Taking all the various omens, portents, and signs together, I would guess that shortly before the public demonstration of Operation Dragon Spear kicked off, the Russians did something that was interpreted by US intelligence as being very similar to something they did in advance of the incursions into Georgia, Ukraine, or both. This grabbed the attention of senior Pentagon leadership and of Odierno, who found themselves with a happy coincidence and golden opportunity, in Dragon Spear, to send a warning to Putin about getting too gutsy.

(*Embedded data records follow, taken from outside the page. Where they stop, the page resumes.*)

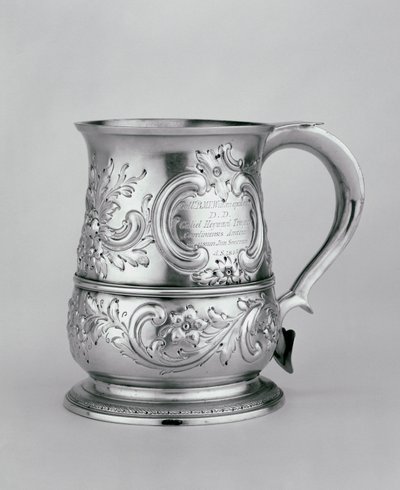 Hanterad mugg, 1740-41, jagad och graverad c.1845 (silver) av Richard and Cooke, Thomas Gurney
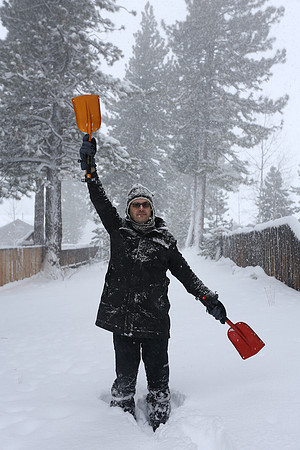 007_nezvayners_December 22, 2012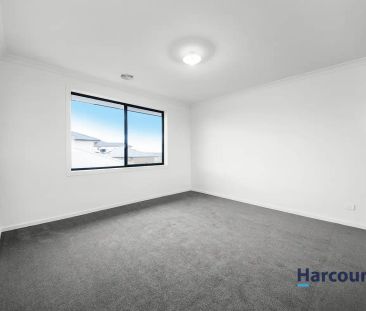 “5 Bedrooms Beautiful Family Home not to missed!!” - Photo 2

Related: The Russians Are Coming: NATO's Frontier

But before anyone starts digging fallout shelters, let's have a reality check: There is almost certainly no real-deal intel about, say, Russian tanks massing on the Lithuanian border. If it were something that imminent, President Barack Obama would be ringing the alarm bell loud enough to wake the dead. And even if Obama didn't, the Lithuanians sure as hell would.

"The more you sweat in peace, the less you bleed in war." That quote is variously attributed to many people, countries, and eras. But if a specific piece of deterrence works in preventing conflict, it's almost impossible to know if it, in particular, worked. All one can do is hope that by sweating in the Mojave Desert while defending Atropians from the intrusive fiddling of their Donovian neighbors, the US Army won't have to shed blood defending a real place from a real threat.